(SUPPLIED MATERIAL begins)
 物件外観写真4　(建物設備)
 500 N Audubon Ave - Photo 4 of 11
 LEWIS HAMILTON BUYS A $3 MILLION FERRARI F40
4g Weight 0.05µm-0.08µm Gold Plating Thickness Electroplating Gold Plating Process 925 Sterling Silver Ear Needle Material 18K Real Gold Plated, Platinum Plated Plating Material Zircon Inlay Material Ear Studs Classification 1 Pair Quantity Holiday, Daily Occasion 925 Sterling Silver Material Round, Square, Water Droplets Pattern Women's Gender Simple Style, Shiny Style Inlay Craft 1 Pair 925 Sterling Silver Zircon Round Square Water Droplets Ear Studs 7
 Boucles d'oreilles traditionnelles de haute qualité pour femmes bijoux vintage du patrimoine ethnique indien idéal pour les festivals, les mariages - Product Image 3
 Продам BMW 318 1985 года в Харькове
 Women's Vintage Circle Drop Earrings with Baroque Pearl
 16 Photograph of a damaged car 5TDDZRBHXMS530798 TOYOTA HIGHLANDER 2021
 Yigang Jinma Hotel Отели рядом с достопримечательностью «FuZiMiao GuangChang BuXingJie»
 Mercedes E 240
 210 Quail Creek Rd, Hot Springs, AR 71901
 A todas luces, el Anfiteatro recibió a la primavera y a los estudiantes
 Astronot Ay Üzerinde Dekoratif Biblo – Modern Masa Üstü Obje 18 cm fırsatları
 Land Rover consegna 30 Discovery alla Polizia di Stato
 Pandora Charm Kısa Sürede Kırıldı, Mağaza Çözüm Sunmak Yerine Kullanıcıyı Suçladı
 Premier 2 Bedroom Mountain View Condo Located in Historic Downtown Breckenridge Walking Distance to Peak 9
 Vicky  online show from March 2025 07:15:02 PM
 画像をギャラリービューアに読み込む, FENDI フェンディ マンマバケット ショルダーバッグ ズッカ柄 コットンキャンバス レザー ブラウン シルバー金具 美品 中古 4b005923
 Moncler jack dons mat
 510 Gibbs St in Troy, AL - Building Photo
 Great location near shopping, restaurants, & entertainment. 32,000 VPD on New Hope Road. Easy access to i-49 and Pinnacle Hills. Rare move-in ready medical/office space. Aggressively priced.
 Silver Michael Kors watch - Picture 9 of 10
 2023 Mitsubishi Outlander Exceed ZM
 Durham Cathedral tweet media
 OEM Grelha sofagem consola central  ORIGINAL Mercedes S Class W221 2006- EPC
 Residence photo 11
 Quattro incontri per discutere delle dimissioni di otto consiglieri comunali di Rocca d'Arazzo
(SUPPLIED MATERIAL ends)
# PROBLEM
Quote, word for word, every line from the top of the entries through the line that holds "LEWIS HAMILTON BUYS A $3 MILLION FERRARI F40".

# COMPLETED EXERCISE
 物件外観写真4　(建物設備)
 500 N Audubon Ave - Photo 4 of 11
 LEWIS HAMILTON BUYS A $3 MILLION FERRARI F40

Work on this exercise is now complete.